Rumsfeld Should Go
The open and ongoing discussion about Donald Rumsfeld’s suitability as the civilian overseer of the American armed forces continues unabated. In my opinion he should be fired. I also think that the decision to fire him should not be swayed at all by the various retired generals who are now openly offering their criticism of his ability.
Simply put Rumsfeld should go for two different reasons: first he failed totally in his Iraq policy. He was perfectly correct in his assessment of the force needed to topple Saddam’s regime. In fact the success of the invasion vindicates much of Rumsfeld’s military thinking: the coordinated and highly concentrated, high tech combined force he deployed is very much a reflection of his philosophy. His abject failure came after the initial success. He totally underestimated the need to apply a large scale and long lived occupation force. In other words his downfall should come as a result of his inability to realize that while modern warfare can be waged by smaller, lighter armies, policing is still an old fashioned “boots on the ground” process. He neglected the need for policing. His arrogance prevented him from adequately foreseeing the consequences of an invasion, despite the vast array of evidence available to him that suggested his view was wrong. For this he should pay the price.
The second reason he should go has nothing to do with Iraq. It is that his reform efforts have evidently not fully penetrated the thinking of the armed forces. The Pentagon remains a vast and under supervised money drain. It still pursues excessively expensive projects that seem to have little to do with the burden of the military’s current mission: for instance the development of a new generation of fighter planes that have no credible enemy to fight; and the single minded pursuit of a Star Wars defense despite its obvious and well reported failure. I do not dispute that a large military budget is a necessity for the United States, but it appears that the way in which the budget is being spent needs a close examination. Rumsfeld has failed to rein in spending and divert it towards counter terrorism and policing, both of which are high priorities currently. He has failed to restrain the lobbying ability of his military advisors and their power to spend money on their pet projects rather than in the national interest. This is why the criticism by generals should be treated with skepticism: they have an interest in maintaining the military as a political lobbying force. The military needs to be de-politicized, not encouraged to participate in political debate.
Put more succintly: he has failed to exert proper civilian control over the armed forces in terms of establishing purposeful priorities while he apparently exerted too much control in terms of execution.

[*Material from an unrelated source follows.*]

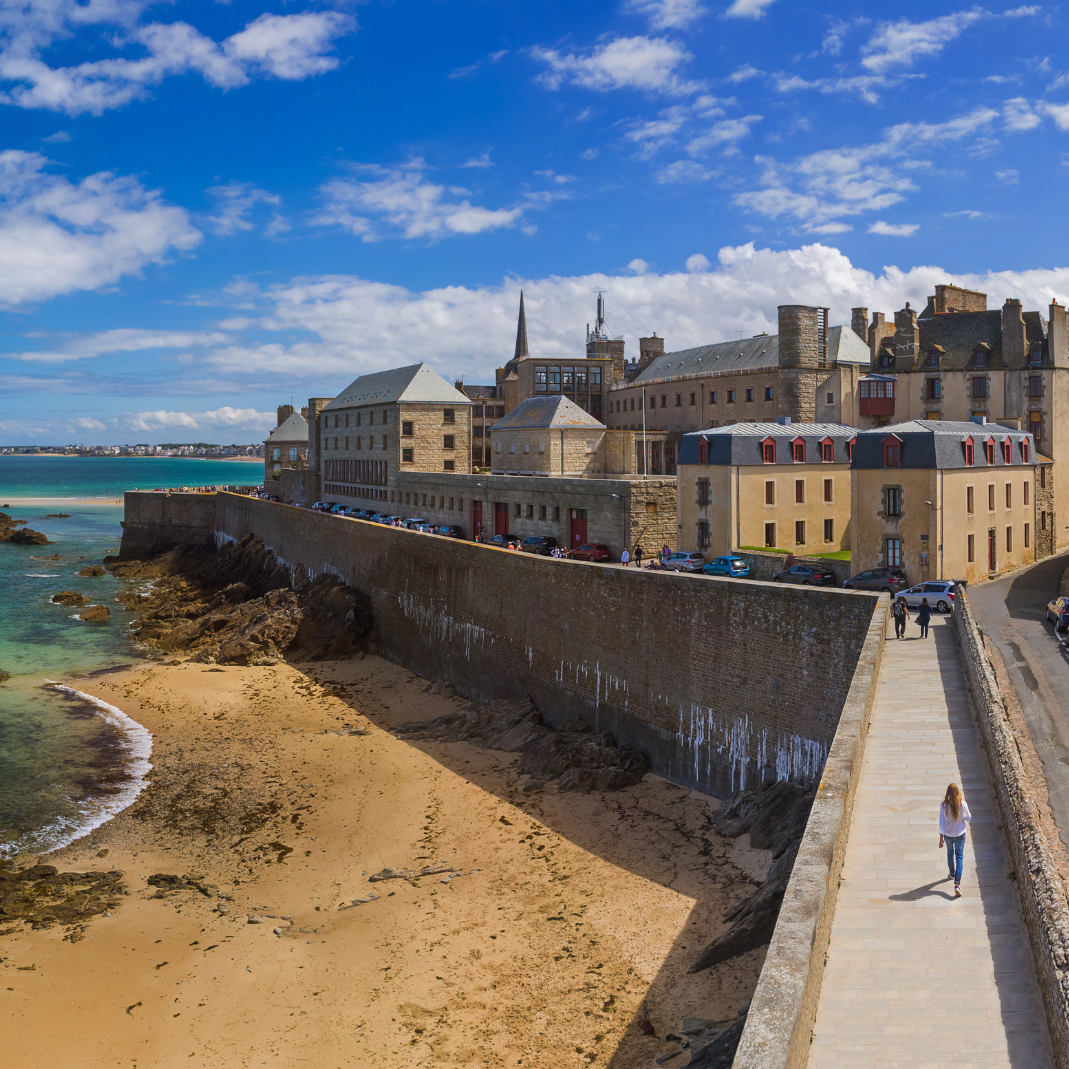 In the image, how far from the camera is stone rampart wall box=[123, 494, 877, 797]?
1975 centimetres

Of course when declared this way my criticism of him is also a criticism of the entire Bush regime. No one in the current regime has any more right to survive the Iraq failure than Rumsfeld. It is simply that Rumsfeld is the man in the hot seat and should go first.
Also: I think that the current quagmire in Iraq represents in microcosm a failure of the entire country to come to terms with the consequences of its actions: an empire like the American needs to be run and powered appropriately. Invasions naturally lead to occupations, which, in turn, inevitably lead to long term presences around the world. The notion that America always leaves quickly after it has “liberated” a country is a myth: it still has tens of thousands of troops in Germany, Japan and South Korea fifty years after “liberating” them. And whole chunks of its own territory are essentially occupations of Mexican land seized at gunpoint a century and a half ago. Politicians of both parties need to stop denying the nature of American power and start educating Americans into the ways of empire. That way future adventures can be explicitly organized as long term invasions and occupations. The American public will stop clamoring to “get the troops home soon” since they will realize that a long term garrison will be inevitable; and the invaded populace will have the necessary time to sort itself out without having to rush to a timetable established by the American need to avoid casualties. More to the current point: local resistance will be seen as futile because the Americans will be seen as a long term opponent rather than a “fly by night” liberator who, with a little patience, can be defeated, not through military force but through boredom and exingency of its domestic political demands.